Ellett: Since the 80s, how consumers engage with brands and communications has changed dramatically. How is that shifting your marketing mix and the way you’re thinking about communicating now versus before?
Ellett: Since the 80s, how consumers engage with brands and communications has changed dramatically. How is that shifting your marketing mix and the way you’re thinking about communicating now versus before?
Tanner: To me the communication objective is to build consideration. That leads me to deliver my defining message, and the plunge is the defining message. And TV is still a driver to achieve that reach. We’re [limited in the number of] markets we’re going to be in this year, but TV still gets us there. How it’s delivered is heavily digital so there are a lot of pre-rolls on Hulu and other digital services. We’re maintaining that TV investment but we’re also spending in the digital partner space. We’re extending into our owned assets and trying to build earned views through partnerships with Google, mostly YouTube, but other platforms, too. So it’s taking the equity of that commercial and extending it over multiple touch points in a digital space to maximize our reach with our target.

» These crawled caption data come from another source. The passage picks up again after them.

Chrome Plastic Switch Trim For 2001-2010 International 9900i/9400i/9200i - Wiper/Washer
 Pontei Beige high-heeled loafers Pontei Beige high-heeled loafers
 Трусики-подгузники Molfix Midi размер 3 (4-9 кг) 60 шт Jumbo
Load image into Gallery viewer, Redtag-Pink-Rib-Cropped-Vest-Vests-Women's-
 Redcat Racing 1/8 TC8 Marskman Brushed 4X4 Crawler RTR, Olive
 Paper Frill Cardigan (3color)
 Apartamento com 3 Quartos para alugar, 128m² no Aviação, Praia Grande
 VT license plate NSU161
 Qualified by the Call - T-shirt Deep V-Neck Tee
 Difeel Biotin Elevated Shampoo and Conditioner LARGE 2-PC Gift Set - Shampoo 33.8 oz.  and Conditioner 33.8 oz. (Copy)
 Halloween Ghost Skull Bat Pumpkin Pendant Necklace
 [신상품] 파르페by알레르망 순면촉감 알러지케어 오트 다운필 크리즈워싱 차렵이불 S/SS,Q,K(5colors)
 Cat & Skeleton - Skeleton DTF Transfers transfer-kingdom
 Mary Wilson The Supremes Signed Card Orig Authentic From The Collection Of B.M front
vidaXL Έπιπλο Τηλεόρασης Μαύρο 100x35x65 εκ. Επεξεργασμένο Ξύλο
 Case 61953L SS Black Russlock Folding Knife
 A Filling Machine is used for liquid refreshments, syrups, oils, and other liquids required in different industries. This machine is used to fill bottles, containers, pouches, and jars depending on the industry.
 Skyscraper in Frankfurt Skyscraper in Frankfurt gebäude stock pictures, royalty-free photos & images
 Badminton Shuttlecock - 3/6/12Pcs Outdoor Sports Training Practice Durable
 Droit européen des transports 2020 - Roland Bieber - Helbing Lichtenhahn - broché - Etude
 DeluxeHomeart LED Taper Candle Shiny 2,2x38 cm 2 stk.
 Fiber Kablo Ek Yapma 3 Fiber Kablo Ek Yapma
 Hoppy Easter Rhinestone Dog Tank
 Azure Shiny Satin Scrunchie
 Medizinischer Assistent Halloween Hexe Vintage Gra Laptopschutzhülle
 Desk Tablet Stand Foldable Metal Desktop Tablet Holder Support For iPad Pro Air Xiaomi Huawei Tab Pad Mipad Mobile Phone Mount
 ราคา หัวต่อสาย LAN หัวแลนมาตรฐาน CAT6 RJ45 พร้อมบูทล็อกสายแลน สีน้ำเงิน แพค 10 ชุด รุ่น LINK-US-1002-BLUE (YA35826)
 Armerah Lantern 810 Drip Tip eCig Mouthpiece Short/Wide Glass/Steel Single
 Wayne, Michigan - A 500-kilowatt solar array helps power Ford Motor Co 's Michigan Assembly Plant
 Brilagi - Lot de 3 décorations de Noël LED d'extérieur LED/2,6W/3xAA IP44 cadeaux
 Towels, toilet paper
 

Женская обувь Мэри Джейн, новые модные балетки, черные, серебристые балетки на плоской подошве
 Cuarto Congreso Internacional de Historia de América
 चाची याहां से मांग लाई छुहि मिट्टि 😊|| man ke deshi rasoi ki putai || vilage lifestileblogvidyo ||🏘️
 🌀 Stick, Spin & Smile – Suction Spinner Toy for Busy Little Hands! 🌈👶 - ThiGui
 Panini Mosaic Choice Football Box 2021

Then the rest becomes activation. As you can imagine there are lots and lots of plunge videos out there. So we expect to do a lot in the space of digital engagement around the plunge and work with key partners such as Facebook, Google and a few others to leverage the Nestle global partnerships we have in the digital and social media space.
We’re excited about it. It really comes down to how much you have to invest. That will play out over time as we build our distribution and we start seeing things take off this summer. We had to rush but I think we have a pretty good mix of offline and online activity to fill that consideration piece. But we’re going to have to do it market by market. We’re kind of east coast, west coast and a couple of retail markets this year, but we expect [our presence] to be much broader next year.